Anayasa Mahkemesi, 15 Temmuz darbe teşebbüsüne karşı koyan sivillerin bu eylemleri nedeniyle sorumluluklarının bulunmadığına ilişkin kuralı Anayasa’ya uygun buldu. Ancak AYM, kuralın, darbe teşebbüsü ve terör eylemleri kapsamında olmayan, konusu haksız fiil ya da suç teşkil eden fiillerin icra edilmesi halinde sorumsuzluk öngörmediğini de belirterek, kuralın hangi hallerde uygulanamayacağını da açıkça belirtti.

15 Temmuz darbe girişiminin ardından çıkarılan kanunla darbe teşebbüsü ve terör eylemleri ile bunların devamı niteliğindeki eylemlerin bastırılmasında görev alan sivil ya da kamu görevlilerinin bu eylemleri nedeniyle haklarında hukuki, idari, mali ve cezai sorumluluk doğmayacağına karar verildi. CHP'li 127 milletvekili söz konusu kuralın iptali istemiyle Anayasa Mahkemesi'ne başvurdu.

Anayasa Mahkemesi iptal talebini reddetti

Anayasa Mahkemesi, 16 Temmuz 2020'de iptal talebini oybirliğiyle reddetti. Kararın gerekçesi bugünkü Resmi Gazete'de yayınlandı. Gerekçeli kararda, söz konusu kuralın darbe teşebbüsü ve terör eylemleri ile bunların devamı nitelindeki eylemlerin bastırılması kapsamındaki fiillerinden dolayı kişiler hakkında hukuki, idari, mali ve cezai sorumluluk doğmayacağı gerekçesiyle çıkarıldığı belirtildi. Bu haliyle kuralın hukuk devleti ilkesini ihlal eden bir yönü bulunmadığı belirtilen kararda, ancak "kuralın bu kapsamda olmayan, konusu haksız fiil ya da suç teşkil eden fiillerin icra edilmesi halinde sorumsuzluk öngördüğü söylenemez." denilerek de, kuralın hangi kapsamda uygulanacağı açıkça vurgulandı. Kararda, şu ifadelere yer verildi:

Haksız fiil ve suç teşkil eden fiiller hariç

"Kuralla, egemenlik hakkına sahip çıkan vatandaşların herhangi bir zarara uğrama ihtimalinin baştan bertaraf edilmesi amacıyla anılan düzenlemeyi yapma ihtiyacının duyulduğu anlaşılmaktadır. Bu çerçevede dava konusu kuralda darbe teşebbüsü ve terör eylemleri ile bunların devamı niteliğindeki eylemlerin bastırılması kapsamındaki fiillerinden dolayı kişilerin hukuki, idari, mali ve cezai sorumluluklarının doğmayacağı belirtilmiş olup, kuralın bu kapsamda olmayan, konusu haksız fiil ya da suç teşkil eden fiillerin icra edilmesi halinde sorumsuzluk öngördüğü söylenemez. Zira kuralın lafzı ile yukarıda belirtilen getiriliş amacı dikkate alındığında kuraldan böyle bir sonuç çıkarmak mümkün görünmemektedir.

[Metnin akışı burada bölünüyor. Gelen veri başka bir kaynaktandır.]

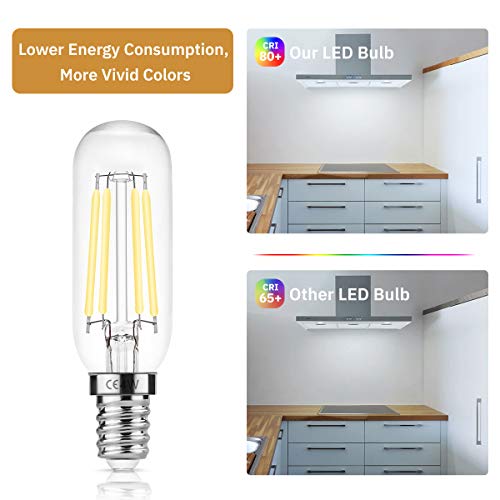 DORESshop E14 T25 LED 4W=40W - Campana extractora, 400LM, bombilla de incandescencia Edison, blanco día 6000K, no regulable, lámpara para electrodomésticos para campana extractora, paquete de 2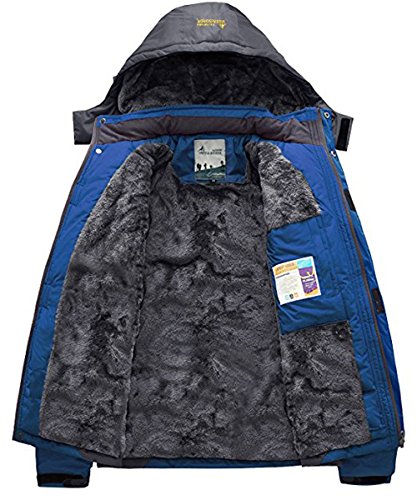 JINSHI Men's Mountain Waterproof Fleece Ski Jacket Windproof Rain Jacket (Blue,M) - Thumbnail 2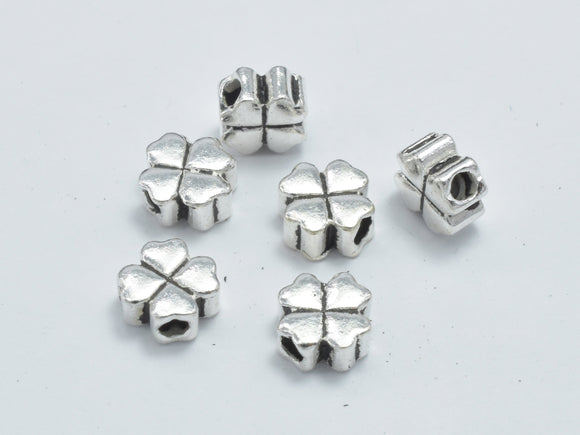 4pcs 925 Sterling Silver Beads-Antique Silver, Flower, 5x5mm-Metal Findings & Charms-BeadDirect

Sınırlar içinde kuralın hukuk düzeniyle çeliştiği söylenemez

Kuralın öngördüğü bastırma kapsamındaki hareketlerin hukuka uygunluk sebeplerinin bulunduğu sınırlar içinde kalan fiiller olması nedeniyle söz konusu fiillerin hukuk düzeniyle çeliştiği söylenemez. Bir fiilin hukuka uygunluğunu onun hukuk sistemiyle bütünüyle uyumlu olduğunu gösterir. Bu durum hukukun bütünlüğü ilkesinin bir sonucudur. Bu nedenle hukuka uygun bir fiil nedeniyle onu icra edenlerin sorumlu tutulmamasının, başka bir ifade ile hukuka uygun bir fiili gerçekleştirenlere hukuki, idari, mali ve cezai sorumluluk yüklenmemesinin hukuk devleti ilkesini ihlal eden bir yönü bulunmamaktadır."